Probably like 50 completes and then maybe like 150 decks and a bunch of wheels and all kinds of other stuff.
Did you see Scuba put that truck on backwards?
Yeah. One of the better photos on my computer now.
What was the story about all the completes you brought?
Oh man. Years ago Blind made like a bunch of like miniature skateboards. Like ones that you can’t even skate. They had original Blind graphics and some of them were ones that Mark Gonzales had done. They didn’t get his permission or anything to reprint these. Then Deluxe and Mark found out about it and instead of suing Blind like they really easily could have done, Mark had the great idea of asking for one hundred complete skateboards. So Blind sent him one hundred skateboards and they’re all Blind minis and micros and just the tiniest boards. These Blind boards have been sitting at Deluxe for a few years and they didn’t know what to do with them. So they found out about the trip and then they called me up to give them out to kids so we brought about damn near 50 Blind completes over to the kids covered all the Deluxe stickers.

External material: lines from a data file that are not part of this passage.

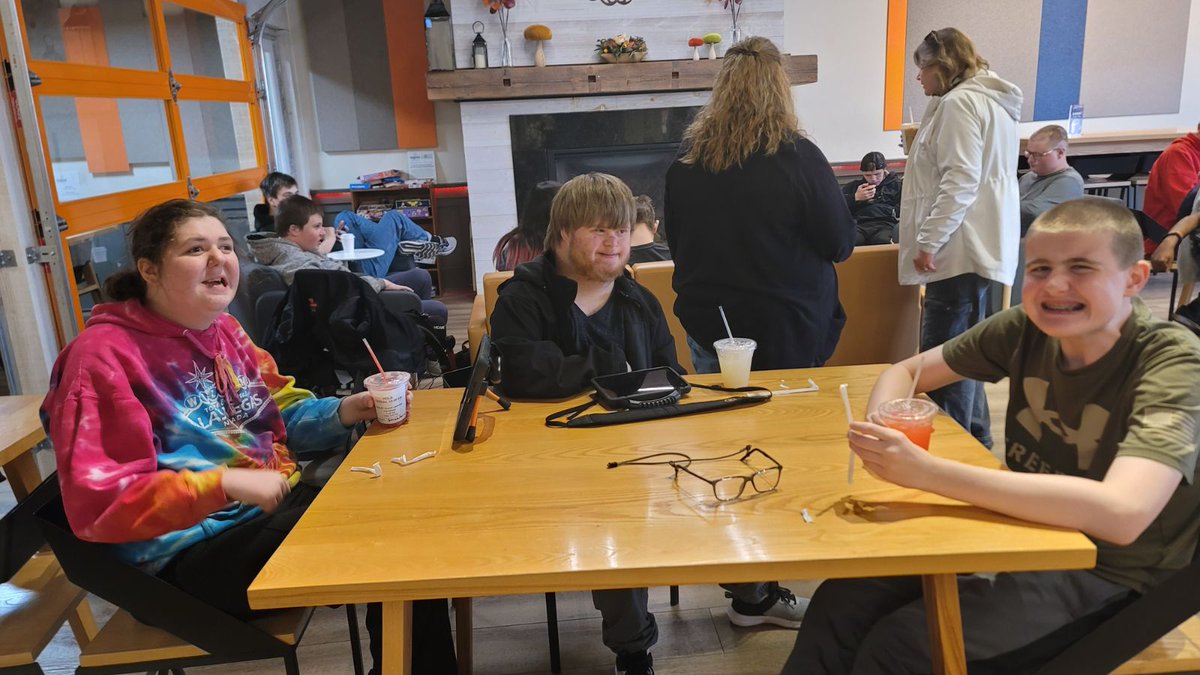 East Troy CSD tweet media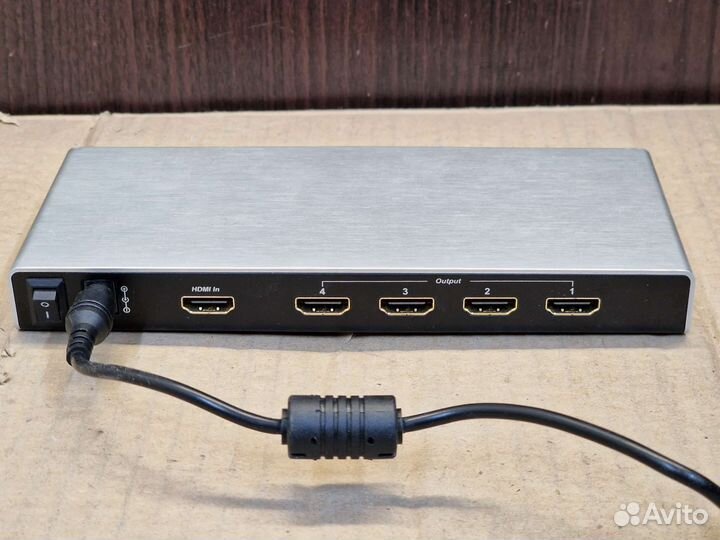 Сплиттер hdmi ST-LAB M-391 4K 4xhdmi Out,1xhdmi In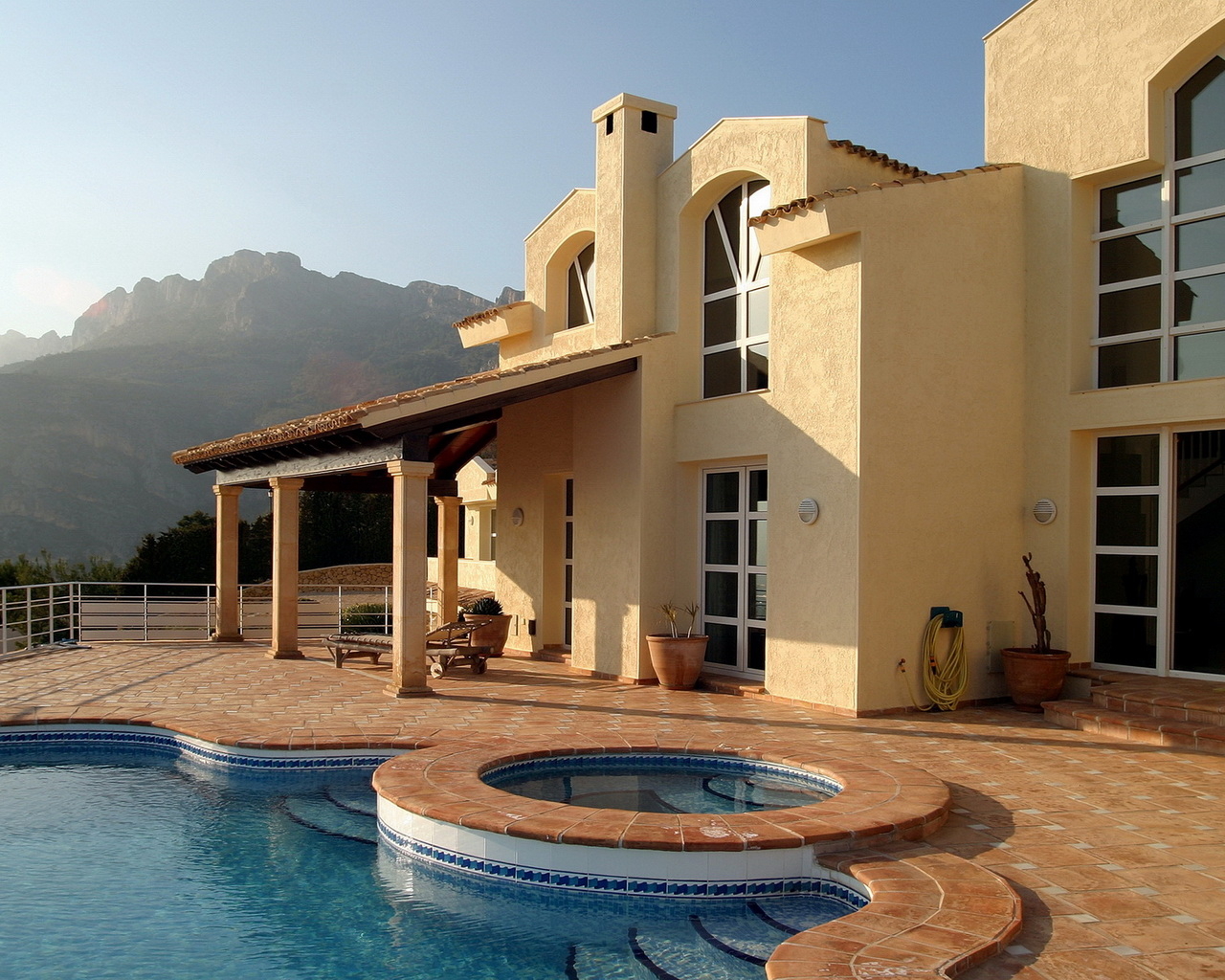 Бассейн около дома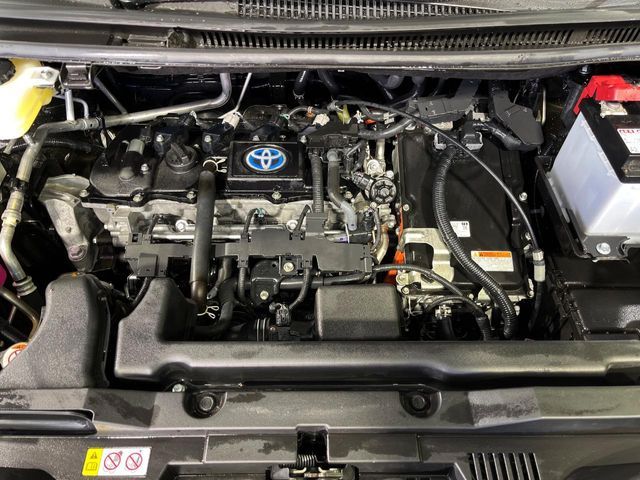VOXY HYBRID 4WD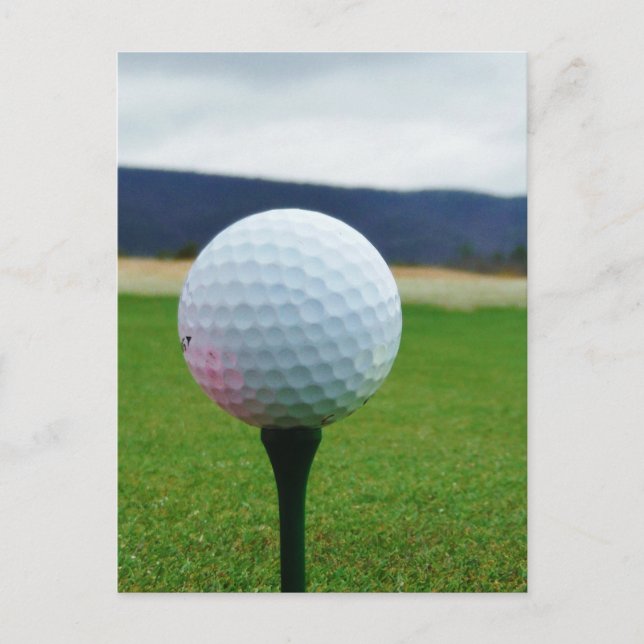 Golf Ball auf dem Golfplatz Postkarte (Vorderseite)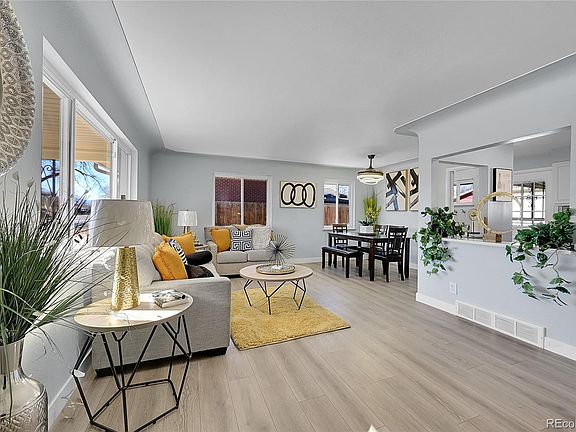 5th image of 6729 54 Avenue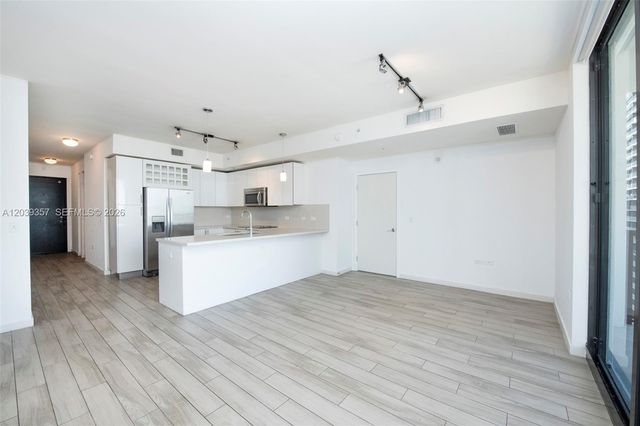 999 SW 1st Ave 2402, Miami, FL 33130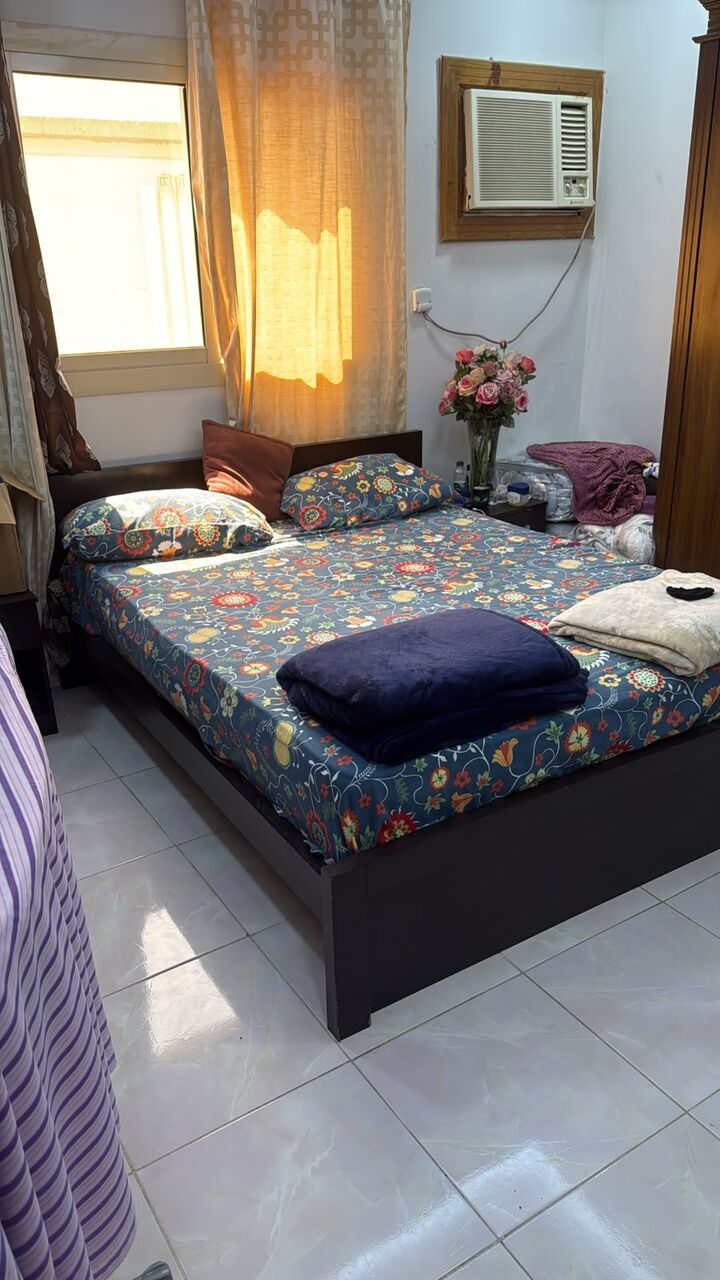 Jeddah, Furniture, HOUSEHOLD FURNITURE & APPLIANCES FOR SALE &ndash; GOOD CONDITION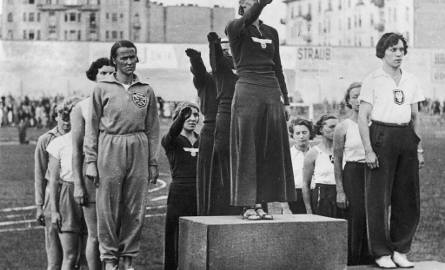 Sierpień 1935 roku. Akademickie Mistrzostwa Świata w Budapeszcie. Zwycięskie drużyny biegu sztafetowego kobiet 4x100 metrów: niemiecka (złoto), angielska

What did you think when they showed up at your house?
I had them sent to my parent’s house and I didn’t tell them that I was expecting a box. All the sudden three fifty-pound huge boxes showed up. My mom calls me like, “Mike, are you expecting something? There’s really huge boxes at the house.” I was pretty psyched on it so when I actually got there and saw it, it was pretty cool. It was very generous of them to give me all of their free Blind skateboards for the kids.
Did you disassemble them in Ventura?
No, my little brother for three whole days was disassembling them and then my Mom organized them into different boxes and then taped all the boxes together. And then we had to reassemble them at the pool.
While you were reassembling them you were getting checked out pretty heavy by the old dude in the Speedo.
Oh, God, dude. Shut the fuck up! Grandpa was just curious.
Yeah grandpa was at the pool… lonely.
He wanted to check out your skate tool.
He wanted to check out everyone’s skate tools. And the hardware. He wanted to help assemble hardware.
That was pretty much the most fun I think I ever had putting boards together.
Oh man. That was awesome. Setting up like 50 boards for the whole group of people and everyone was just all psyched. That was fun.
I renamed Scuba Steve “Time-Lapse Steve.”
Time lapse Cuba Steve?
What is with that dude and the time-lapses?
I don’t know. He got that high-def camera… I don’t know what they’re called, the Panasonic thing. Ever since he got that thing and filming with Mike Manzoori he just got bit by the bug and now any time he’s out filming skating it’s gonna be a time-lapse.
I was just sitting in one chair drinking all day and he shot a time-lapse of it.
I think he missed out on half the trip cause he was time lapsing. But later on he gets to look back and be like, “oh shit. How sick! I was there?”
Were you by him when he got mad at that kid for bumping into the camera mid-time-lapse?
We had to hear about it for the rest of the night.
So your brother that took all of those Blind boards apart has a pretty awesome nickname, huh?
Yeah it’s crazy. It came out of nowhere…Janderson.
What’s his real name?
He just must be super stoked on you?
Little bro? He’s stoked on me but he’ll never let me know that he’s stoked. He calls me a little shithead, and “fucker.”
Your Dad seems super cool. He built a ramp for you in the backyard right?
Yeah, about two years ago he helped us build a ramp. That was pretty cool. He let us do it. The folks are down for it.
Who was telling me? Maybe you were telling me that your Dad was trying to give your sponsor me tape to somebody on some movie set?
I don’t even know. I didn’t know about that. I remember he told me ‘cause he does prop making for movies and he met Steve Berra. I don’t know really what happened.
Who told us that story?
It was on the Berrics park website thing.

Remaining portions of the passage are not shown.